Key Highlights
- Industrial Gas Price Hike: Natural gas prices for industrial users have been increased following disruptions in LNG supply linked to geopolitical tensions in the Middle East.
- Revenue Outlook Improves: Higher gas prices can support revenue expectations for gas distribution companies, which has drawn attention to related stocks.
- West Asia Conflict Impact: Ongoing tensions in West Asia have disturbed LNG trade flows, affecting global gas availability.
- Strait of Hormuz Risk: Key LNG shipments passing through the Strait of Hormuz face potential disruptions, adding to supply uncertainty.
- Global Energy Market Reaction: Supply concerns have pushed energy prices higher, leading to increased volatility across energy-related stocks.
- Focus on Gas Distribution Firms: Companies involved in gas distribution have seen heightened market attention as supply dynamics shift.
Adani Total Gas Limited (NSE: ATGL)
Adani Total Gas Limited (NSE: ATGL) operates in India’s city gas distribution (CGD) sector, supplying compressed natural gas (CNG) for vehicles and piped natural gas (PNG) for residential, commercial, and industrial users. The company benefits from India’s increasing focus on cleaner energy and the gradual shift toward natural gas as a transition fuel. Its expanding CGD network across multiple geographical areas supports long-term growth potential. The strategic partnership with TotalEnergies enhances operational expertise and technological capabilities. Additionally, a diversified customer base across transport, household, and industrial segments provides stable demand, while rising industrial gas prices and growing energy consumption could support revenue growth over time.

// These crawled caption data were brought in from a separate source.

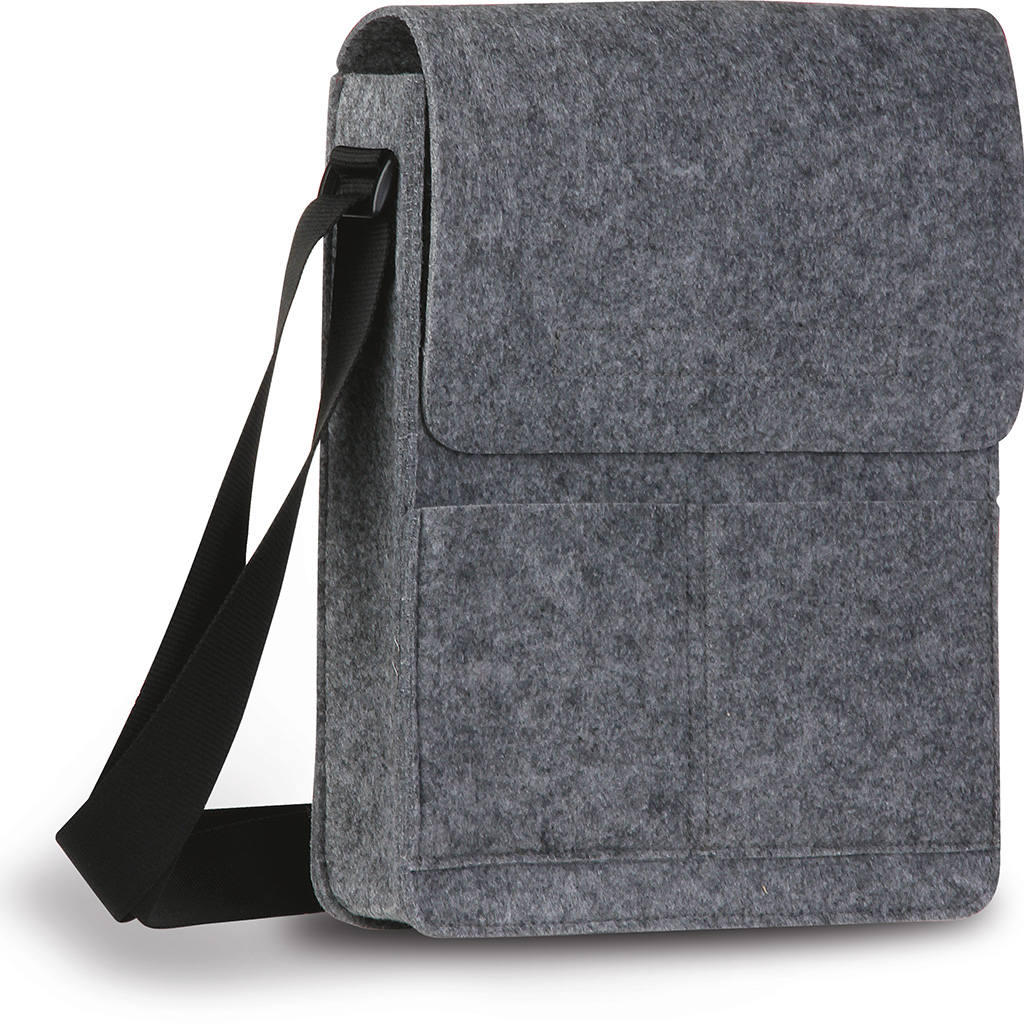 with two open front pockets and with adjustable shoulder strap.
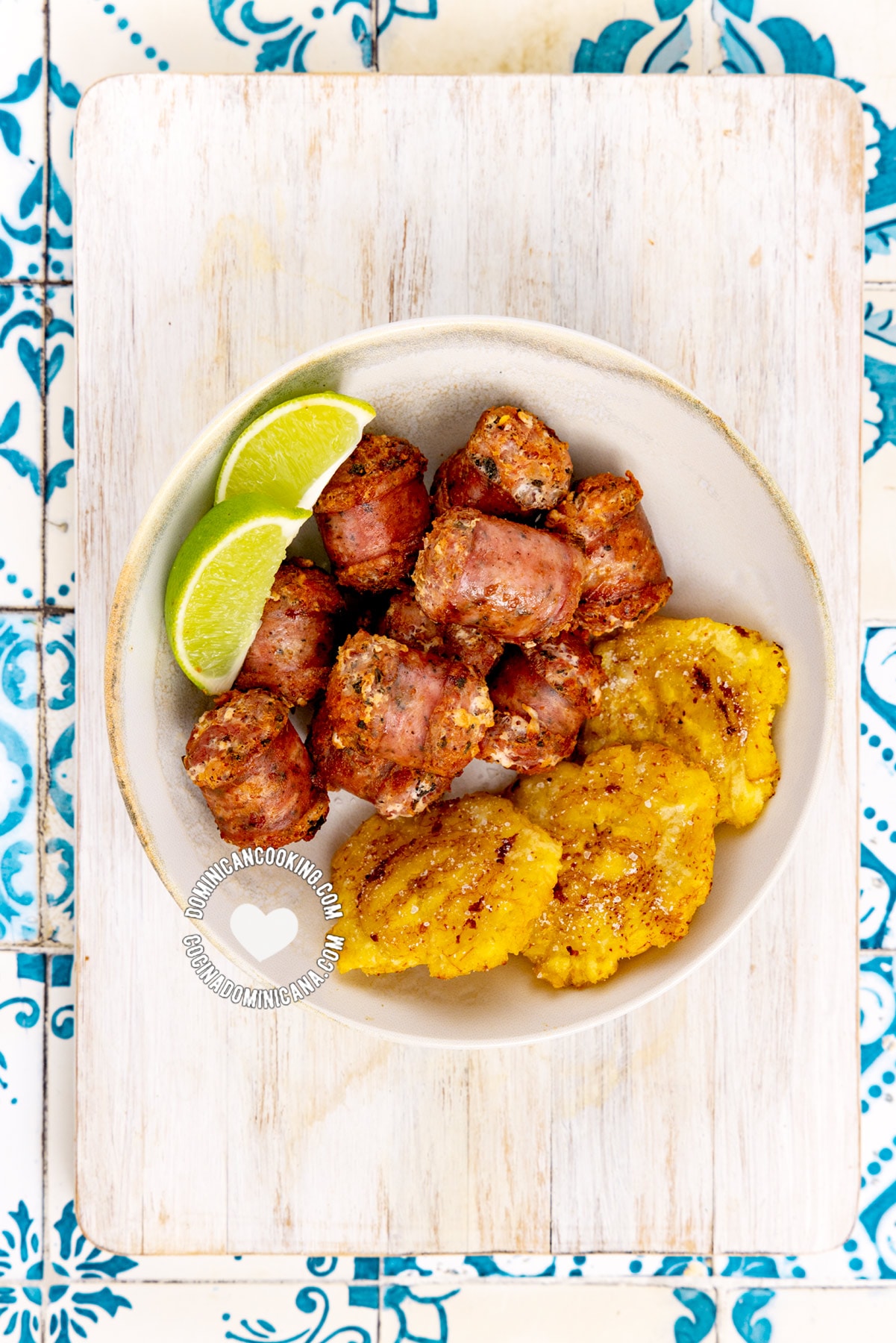 Longaniza frita con tostones.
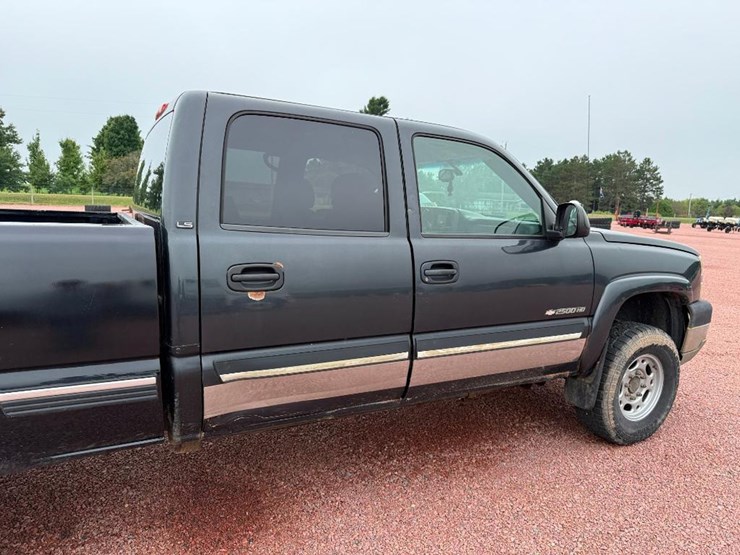 2003-chevrolet-2500hd-image-15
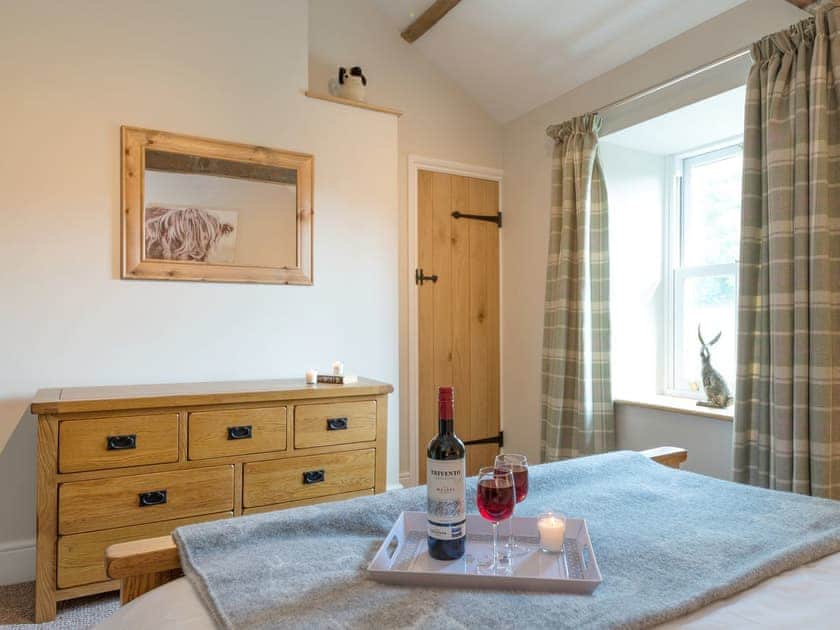 Peaceful en-suite double bedroom | Abraham’s Cottage, Langthwaite, near Richmond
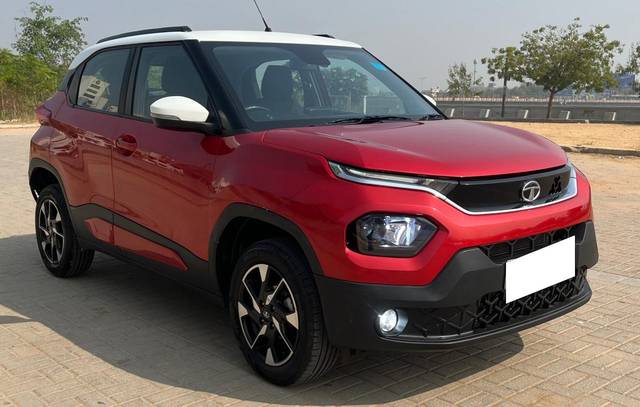 https://images10.gaadi.com/usedcar_image/3684030/original/processed_img2919627__usedcar_2_11461700720815_1700720894.jpg?imwidth=6400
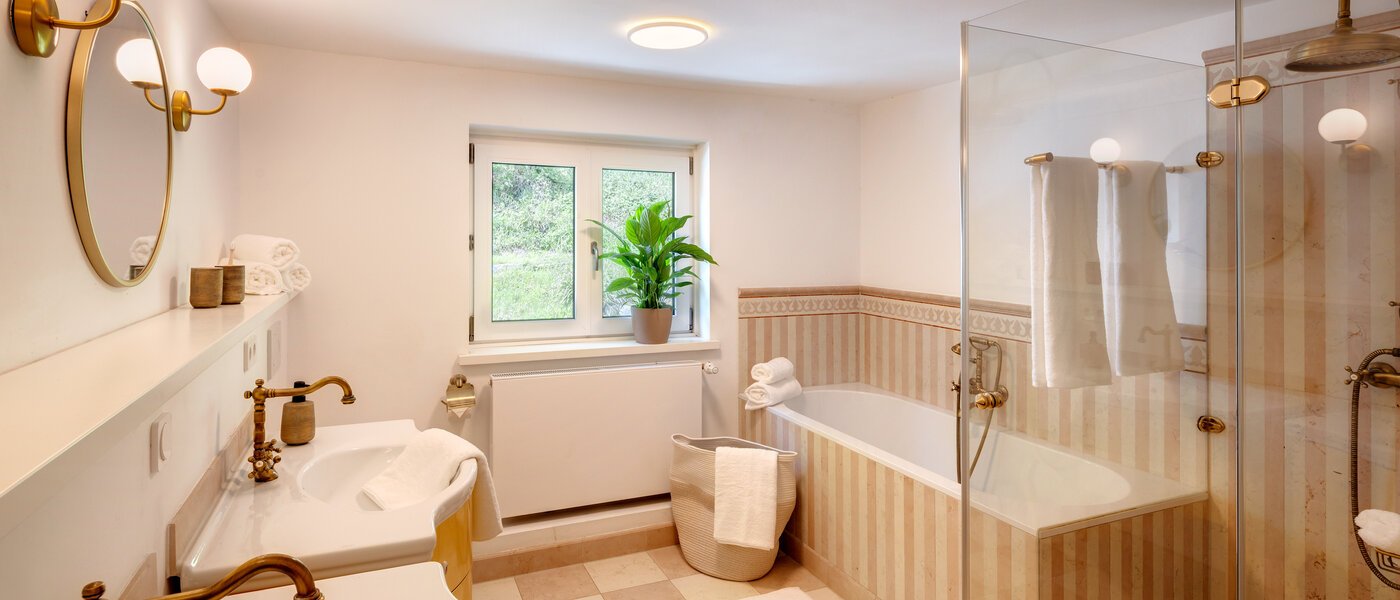 邸宅 Bad Wiessee 02 1つめの浴室 14436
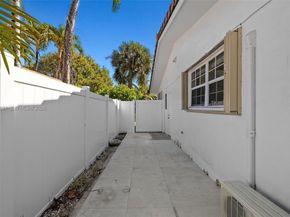 3460 N 46th Ave, Hollywood FL 33021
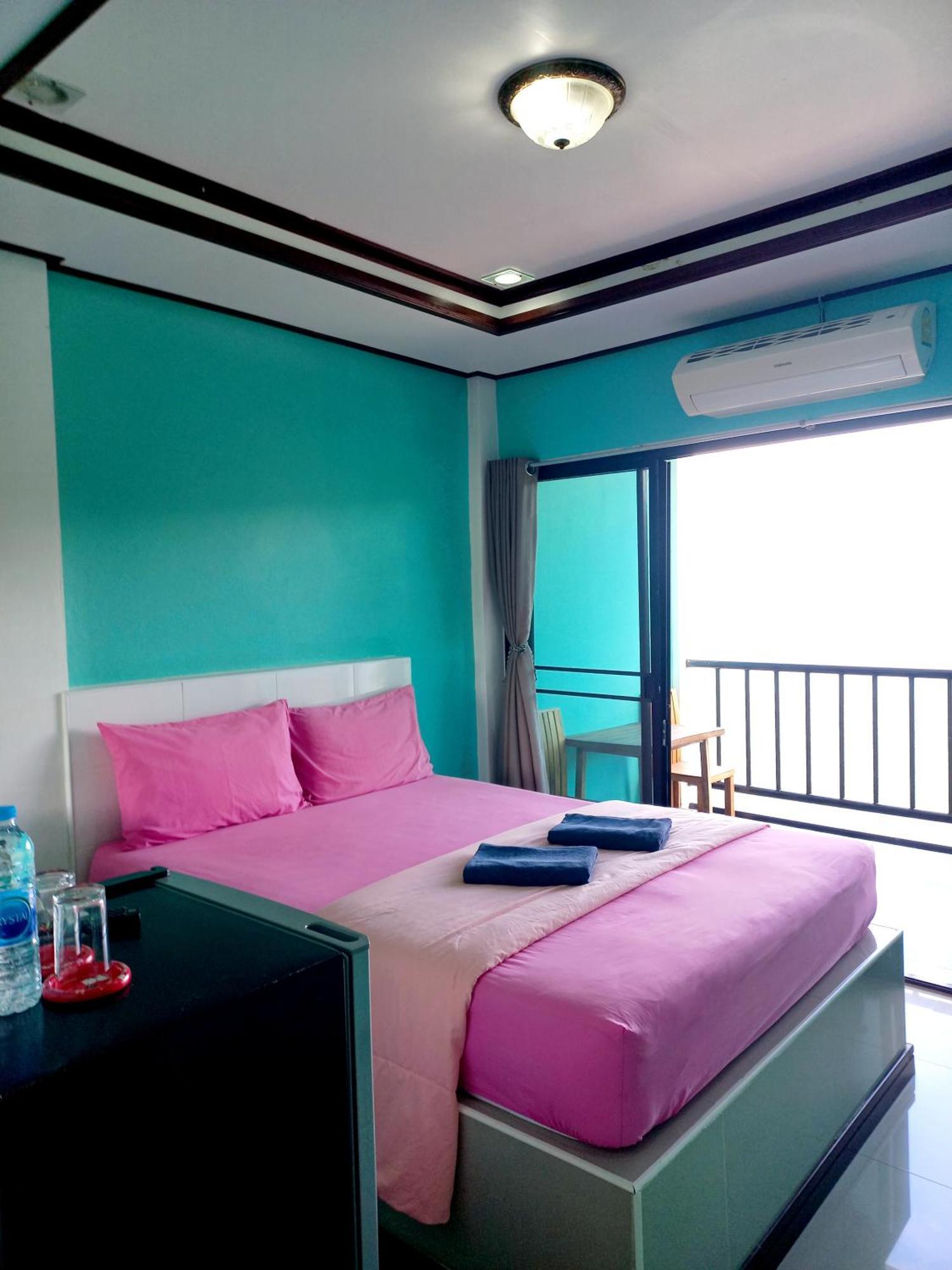 Ocean View Resort - Koh Sichang Buitenkant foto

Adani Total Gas Limited (NSE: ATGL) Rises After Sharp Industrial Gas Price Increase
Adani Total Gas Limited (NSE: ATGL) shares moved higher on March 11, 2026, after the company implemented a nearly threefold increase in industrial gas prices to around ₹119 per standard cubic meter (SCM), up from about ₹40/SCM. The price adjustment follows LNG supply disruptions linked to geopolitical tensions in the Middle East, which have impacted key shipping routes such as the Strait of Hormuz. Higher industrial gas rates are expected to support revenue realization for the company, particularly from sectors like ceramics and chemicals. Meanwhile, CNG and domestic PNG prices remain unchanged, with the company passing higher sourcing costs mainly to industrial consumers.
Technical View: Adani Total Gas Limited (NSE: ATGL) Finds Support at 50 SMA — Can the Recovery Sustain?

From a technical perspective, Adani Total Gas Limited (NSE: ATGL) is currently trading around ₹537.70, gaining about 13.81% in the latest session, and is approaching its 50-day Simple Moving Average at ₹533.79, which is acting as a key near-term technical level. The sharp upward move reflects a rebound after a recent decline, supported by strong market participation and elevated trading volumes. The 14-day RSI at 58.11 indicates improving momentum while remaining below overbought territory. Immediate support is seen near the ₹500.00–₹460.00 zone, while a sustained move above ₹590.00 could strengthen the recovery and open the path toward the ₹630.00–₹660.00 resistance range.
Bottom Line: LNG Price Hike and Supply Risks Put Adani Total Gas in Focus
Adani Total Gas Limited (NSE: ATGL) remains supported by higher industrial gas prices and resilient demand in the CGD segment. However, LNG supply disruptions and global energy volatility could influence near-term sentiment, while the company’s ability to pass on higher costs to industrial users may support revenue stability.